Problems with the theories of state sovereignty


Those who assume that sovereignty is about the power of the state are mistaken.
They take the view that the state is capable of exercising absolute power whereas
it has been argued that in fact the state only claims this sovereign power, because
others – terrorists, criminals, etc. – challenge it. In other words, the state claims
something that it does not and cannot have, so that the notion of the state as
sovereign imports into the notion of sovereignty the problem of the state itself.

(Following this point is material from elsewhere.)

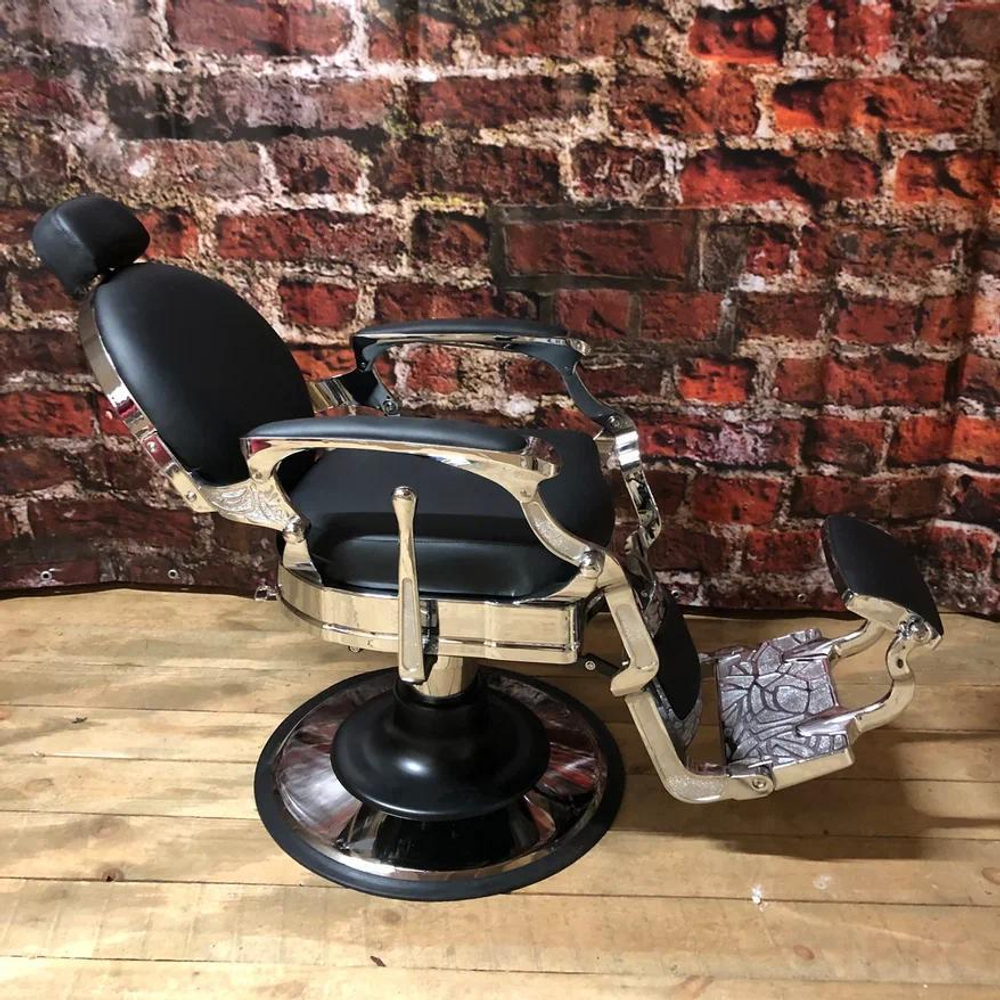 Кресло для барбершопа Диего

Difficulties with the modernist conception


The idea that sovereignty is purely modern confuses formulation with institution.
It is true that sovereignty is only explicitly formulated by modern writers, but the
notion of supreme power is inherent in the state.
The modernist notion misses the ironic part of Weber’s definition: that a
monopoly can be claimed, not because it exists, but precisely because it does not.
The sovereign state claims an absolute power that it does not and cannot have.
Unless criminals and terrorists also exercise some of this ‘supremacy’, it cannot be
claimed. In other words, the notion of sovereignty merely brings into the open the
problem that has existed all along. Like the state itself, the idea of state sovereignty
has severe logical difficulties associated with it.
On the one hand, sovereignty is unitary in its scope. It is absolute and unlimited.
In modern formulations, rulers and ruled are bonded together as citizens. On the
other hand, there has to be a sharp division between the public and the private, the
state and society, before modern sovereignty can be said to exist. There is a clear
contradiction here since we can well ask, how can an institution have absolute
power, and yet be clearly limited to a public sphere? Sovereignty allows the state
to have a hand in everything – and yet we are told that it is confined to the public
sphere and must not interfere in private matters. The formulation of state sovereignty
in the modern period serves only to highlight its absurd and contradictory character.
It is true that in ‘normal’ times the sovereign character of the state is not obvious
to the members of a liberal society but if there is crisis or emergency – as when war
breaks out between states – the capacity of the state to penetrate into all aspects
of life, becomes plain. During the Second World War, the British state told its citizens
what they must plant in their back gardens, and today, for example, the state tells
us through advertising about safe sex, that we should conduct the most private of
activities with adequate protection. The British Cabinet even had a discussion in
the early 1980s about the importance of parents teaching children how to manage
their pocket money (The Guardian, 17 February 1983).
We are told that state sovereignty needs to be limited and restricted. Yet it is
clear from the practice of state even in ‘normal’ times that sovereignty is seen as a
power that can penetrate into the most private spheres of life.